Dimension Attributes Tab

You can add, delete and modify dimension attributes through the dimension’s Attribute tab.

Import

Use the Import Schema button on the Dimension Attributes tab to import the Meta Data for the Dimension from a Source System table.

To Import the Meta Data.

  • On the Dimension Attributes tab, click the Import Schema
  • Select the Source Connection where the source table resides.
  • Select the Import Table and press OK.

The dimension attributes will be populate with the column names and data types from the source table. Some connection types don’t return column data types. In this case the data types are defaulted to varchar(50).

To add an Attribute

Click in the empty row at the end of the list.

  • Attribute Name. Enter the attribute name. Spaces are replaced with _ when the dimension is saved. The Name must be unique within the dimension. Dimodelo Data Warehouse Studio will validate the name. If a name is specified that violates SQL Server naming restrictions, a red ! will be displayed on the row.
  • Data Type. Select a data type from the dropdown list, or just type the data type.

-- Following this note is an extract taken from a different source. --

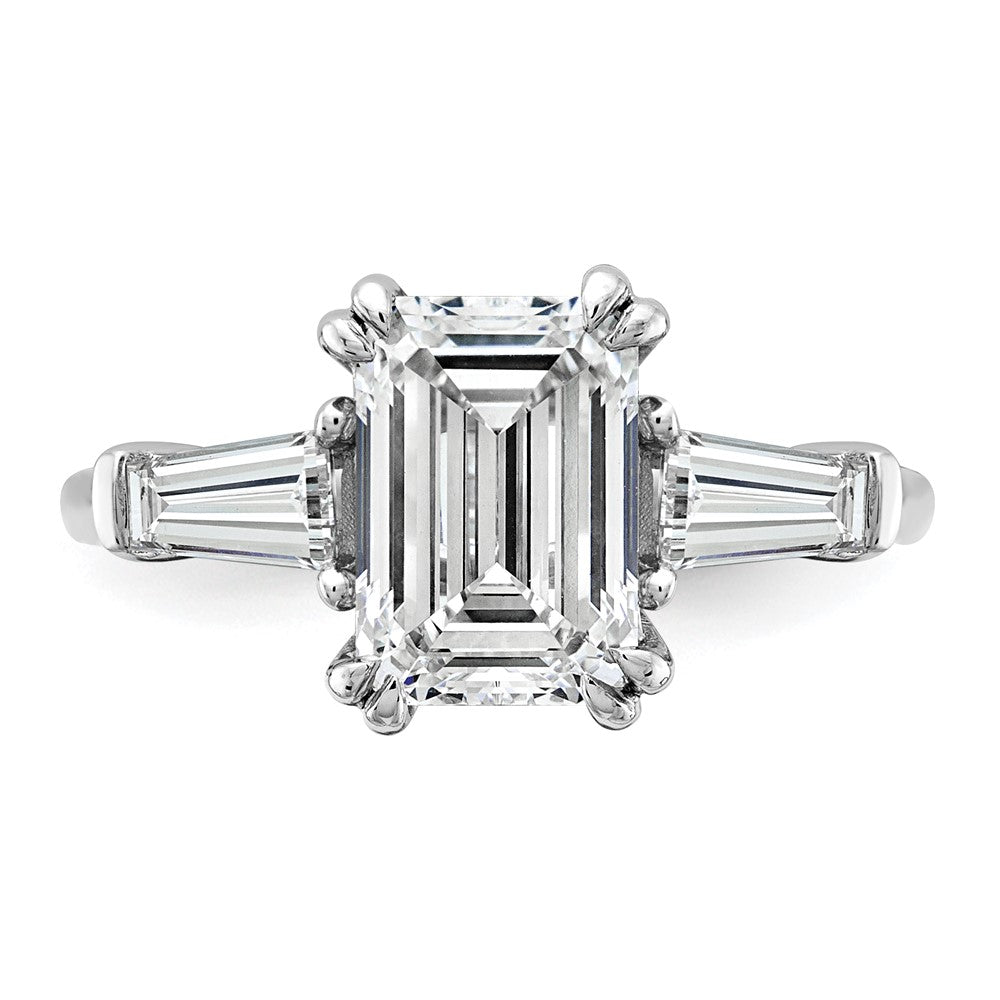 14K White Gold 7/8ct Lab Grown Dia VS+ F+ Emerald Center Semi-Mount Eng Ring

The data type will be validated to ensure it is a valid SQL Server data type when the data type field loses focus. If the data type is invalid, a dialog box will display, and the field cleared.
  • Column Type. Choose the column type for the attribute. If the attribute is part of the Natural/Business key of the dimension, then select ‘Business Key’. The business key can be a composite key. That is, more than one attribute can have a type of Business Key. Normally the business key is what your ETL process will use to look up the dimension to identify if source rows already exist in the dimension. It is the primary key of the source table.
  • SCD Type. SCD Type is an acronym for Slowly Changing Dimension Type. The list of types correspond to the SCD types set out by Ralph Kimball. When the Attribute type is ‘Attribute’ this field is enabled and is required. Select the appropriate SCD type for the attribute. In brief Type 2 means keep a new version of this row if this attribute changes where Type 1 means overwrite the existing row. If you don’t understand SCD types then read our ‘Data Warehouse and Business Intelligence Concepts – Guide’.
  • Description. Add a description of the attribute. Generally the description should make sense to an end user. Descriptions are used in the generated Data Dictionary.
  • The parent indicator is used to indicate that the attribute is the natural key of the corresponding parent row in a parent-child hierarchy. That is, each row keeps its parent identifier in this attribute column. Parent identifiers can be composite keys, so more than 1 attribute can be marked as a Parent. The presence of a Parent indicator on any attribute will cause a Parent Surrogate Key to be generated in the DDL using the supplied DDL templates. Only a single Parent surrogate key is produced regardless of how many attributes are marked as Parent. Parent logic is added to the ETL Transformation if Parent is ticked.
  • Reference. This is a free form text you can use to reference the attribute back to another design document, or perhaps a report the attribute appears on.

To Delete an Attribute

Select the attribute row and click the delete key, or click the Delete Attribute(s) button. You can select multiple rows.

To Change an Attribute

Simply find the attribute in the list, click in the field you want to change, and change as desired. Attribute name changes are generated in the DDL as non-destructive rename script. Changes are only made permanent after the document is saved.

Advanced Tab

  • Custom Surrogate Key Name. This field allows you to specify a custom name for the surrogate key of this dimension. This is useful for in a conforming dimension scenario. See the Conformed Dimensions topic for more details. The standard DDL generation templates use the indicator and name to generate the correct surrogate key column name in the DDL.
  • Custom Surrogate Type. This field allows you to specify a custom data type for the surrogate key of this dimension. This is useful for in a conforming dimension scenario. See the Conformed Dimensions topic for more details. The standard DDL generation templates use the indicator and data type to generate the correct surrogate key column data type in the DDL.
  • Surrogate Key is Auto Generated. Un-tick this option if the ETL manages surrogate keys, instead of the database auto generating surrogate keys. The standard DDL templates use the indicator to set IDENTITY on dimension keys. This should be used in conjunction with the Auto Generate Key toggle on the advanced tab of the ETL dialog.
  • Generate DDL. Un-tick this option if you don’t want Dimodelo Data Warehouse Studio to Create this table.
  • Conformed. Meta data indicating the Dimension is a conformed Dimension from another Warehouse. This can be used in the Generation step to generate Conforming code. Currently this property is not used by the standard ETL generation templates.
  • Dimension Tags. Custom Meta Data for the Dimension. Tag the dimension with a tag Name and Tag Value. Some Dimension patterns require custom metadata. See the Patterns guide for more information about the custom meta data required by each pattern.

Custom Management Columns

What are Management Columns? Management columns are columns that are added to your Fact and Dimension tables to help manage the data, during ETL. Management Columns include things like:

  • Batch Identifier.
  • Row Status (Current – Not Current).
  • Row Effective Dates.
  • Checksum (if you use checksums in your ETL)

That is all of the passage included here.